- Material provided -
--

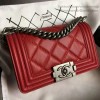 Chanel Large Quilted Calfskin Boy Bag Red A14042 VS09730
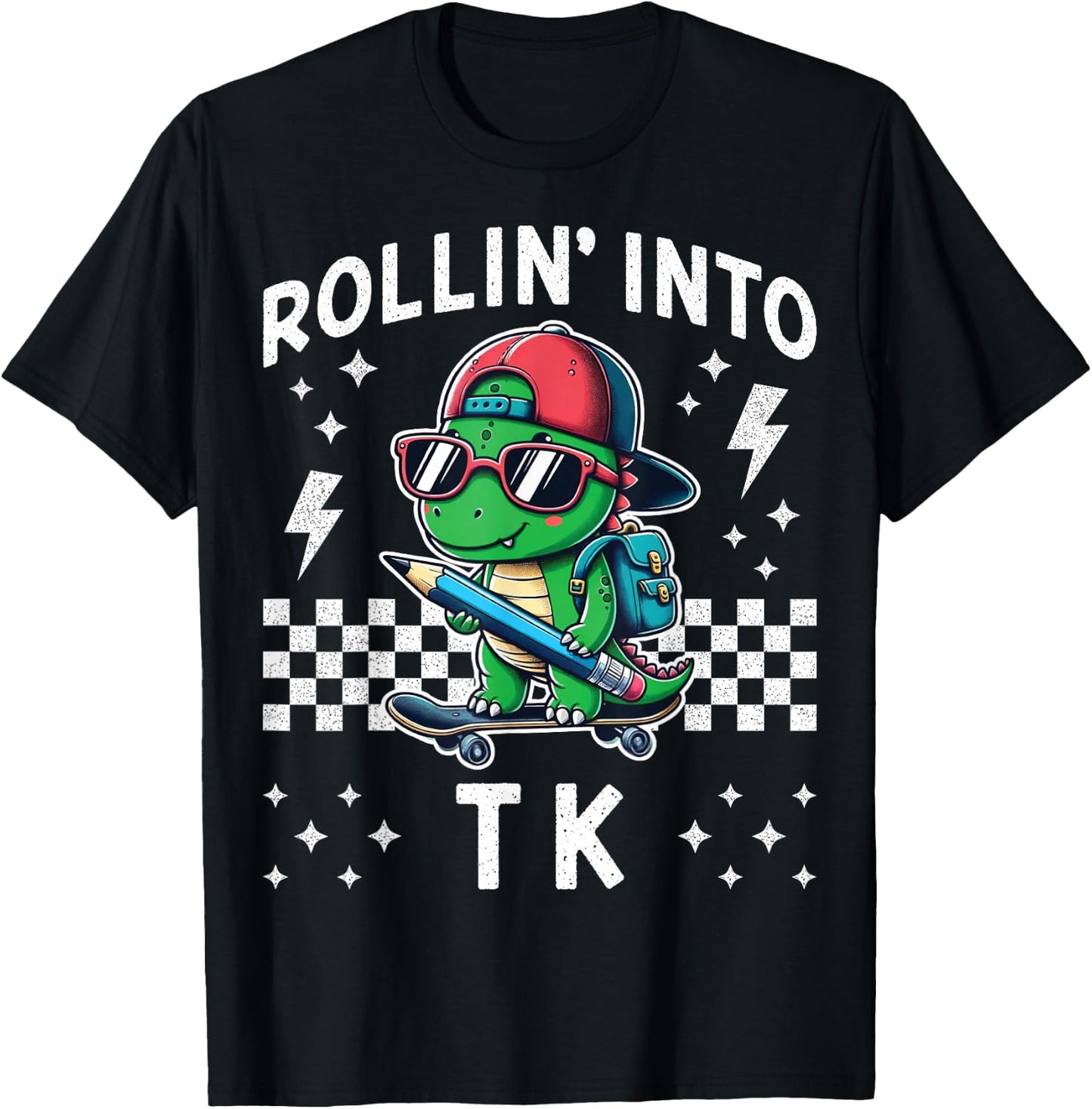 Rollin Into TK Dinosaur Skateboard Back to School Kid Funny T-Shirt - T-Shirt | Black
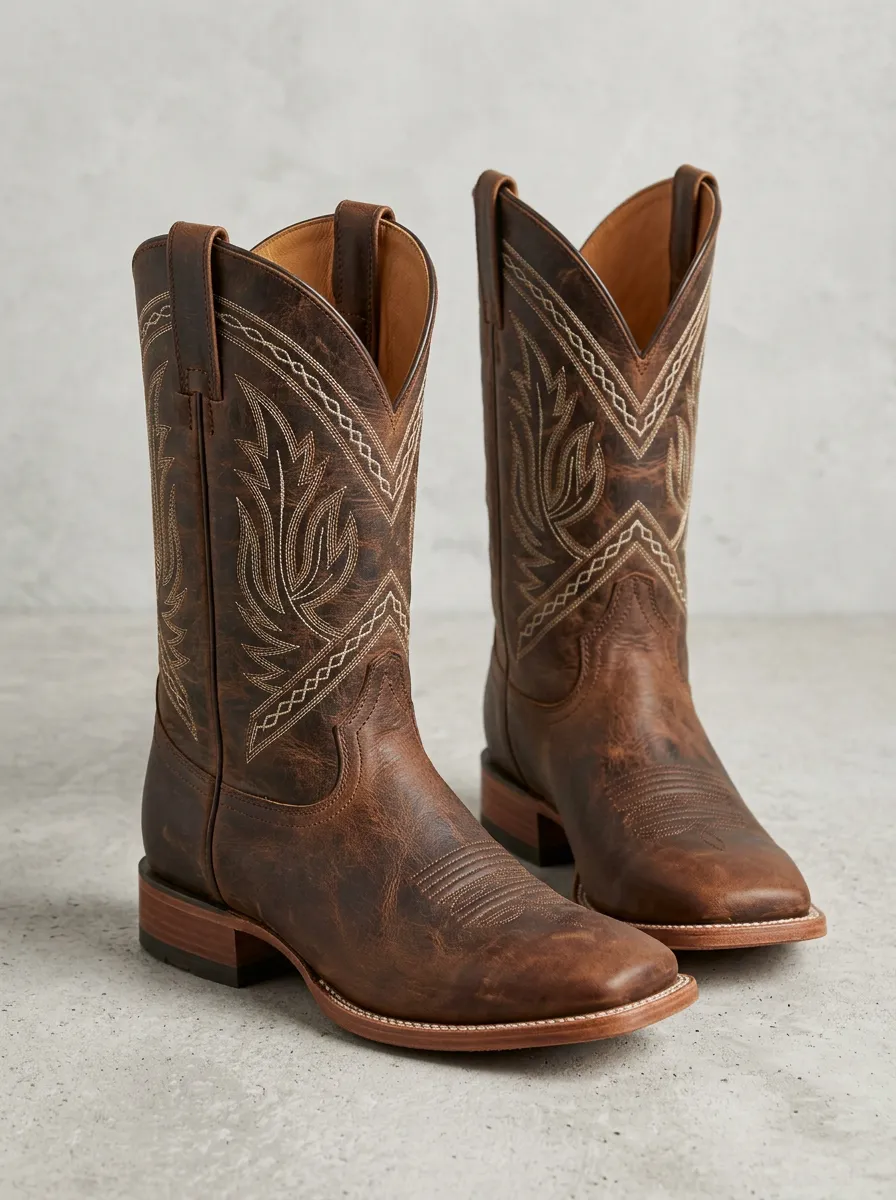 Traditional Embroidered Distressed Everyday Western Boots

--

Write out the whole listing above exactly, minus images.

- Task answer -
 Chanel Large Quilted Calfskin Boy Bag Red A14042 VS09730
 Rollin Into TK Dinosaur Skateboard Back to School Kid Funny T-Shirt - T-Shirt | Black
 Traditional Embroidered Distressed Everyday Western Boots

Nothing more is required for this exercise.